Pour mes parents, surtout mon père, ma scolarité était toute tracée.
Muni de ce bac E, Sciences et Techniques, je devais réussir le concours
d'une école d'ingénieurs bien spécifique et obtenir le diplôme terminal
quelques années plus tard. Ça rappelle un peu Rosa, la chanson de
Jacques Brel qui dit « et qui seront pharmaciens parce que papa ne
l'était pas ». J'ai donc suivi la classe préparatoire, Math Sup
Technique à Voiron. Mon père avait eu son Brevet de Technicien dans le
même établissement. Pour l'anecdote Zizou le prof de maths avait été le
prof de mon père vingt-cinq ans plus tôt. On ne nous servait plus de
vin à table comme dans les années 40, mais de l'Antésite, qui est
toujours fabriquée à proximité. Je n'avais jamais été délégué de
classe, mais là il avait été décidé avec l'intendante de
l'établissement de choisir un délégué à la bouffe, et j'avais été
sélectionné par mes petits camarades, probablement en raison de mon bel
appétit. Nous étions une vingtaine d'élèves, presque tous des garçons.

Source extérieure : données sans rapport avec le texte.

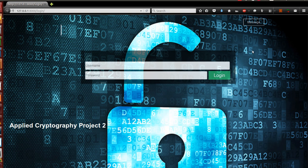Hi everyone, my name is Rakesh and this is our applied cryptography project 2. For this project we have built a secure application through which you can transfer a message to your friend, family, or any third party. It is secure because we have ensured that all kinds of attacks like data modification, data replay attack, and attack on the integrity of the message cannot be done on this application.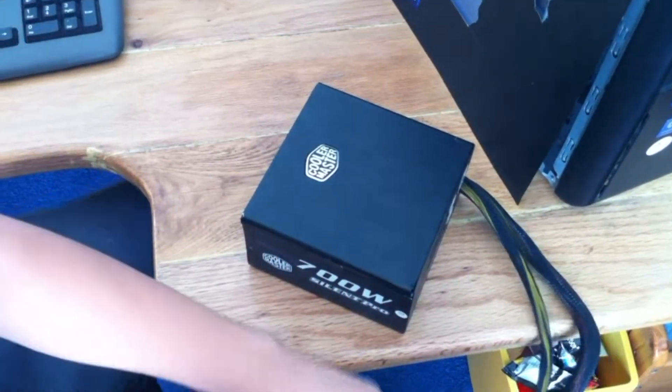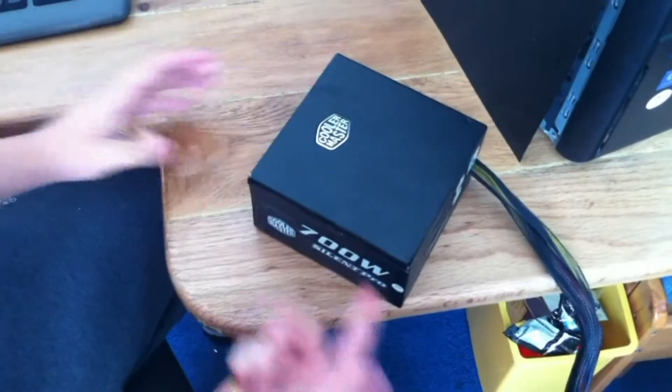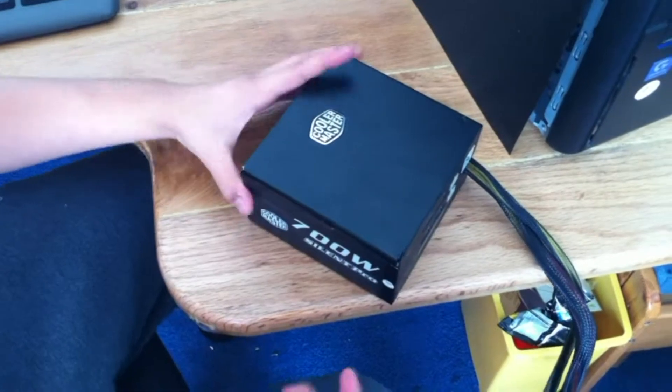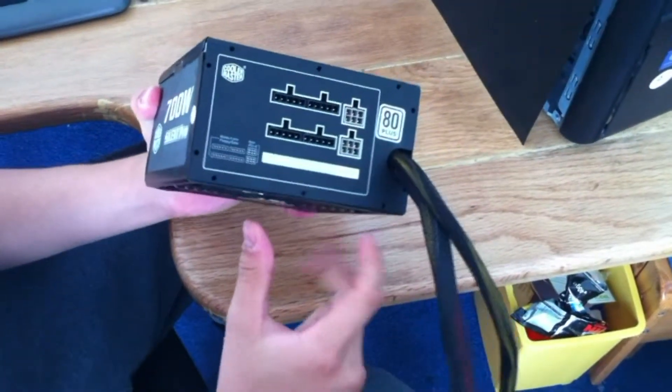Power supply, here you go. 700 watt modular power supply, silent pro 80 plus.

La plupart d'entre nous étaient élèves internes, c'est à dire que nous
passions la nuit dans un dortoir situé dans l'établissement. En
principe nous étions bouclés la nuit, mais le mur d'enceinte n'était
pas bien haut. Pendant la pause de midi nous allions faire un tour en
ville et c'est là que j'ai commencé à boire du café. Le mercredi
après-midi j'allais parfois à Grenoble en auto-stop. Cette année-là
j'ai fait quelque compétitions de ski alpin, avant d'arrêter
définitivement ou presque. Bref, le passage du statut de lycéen à celui
d'étudiant a été une sorte de libération. En 1973 les manifestations
lycéennes et étudiantes essayaient de s'opposer à la Loi Debré. En fin
d'année il y avait le passage des concours. Mes parents avaient insisté
pour m'offrir le voyage à Paris en avion, pour l'examen oral. J'ai donc
fait ce baptême de l'air en Caravelle, entre Saint-Geoirs et Orly. Au
retour je suis rentré en auto-stop, et je suis allé à peu près aussi
vite. Contre toute attente des profs j'ai réussi le concours d'entrée,
mais quand même de justesse. Ça signifiait que la suite ne se
déroulerait pas dans une grande ville étudiante comme Aix en Provence
ou Bordeaux, mais dans une petite ville de Saône-et-Loire.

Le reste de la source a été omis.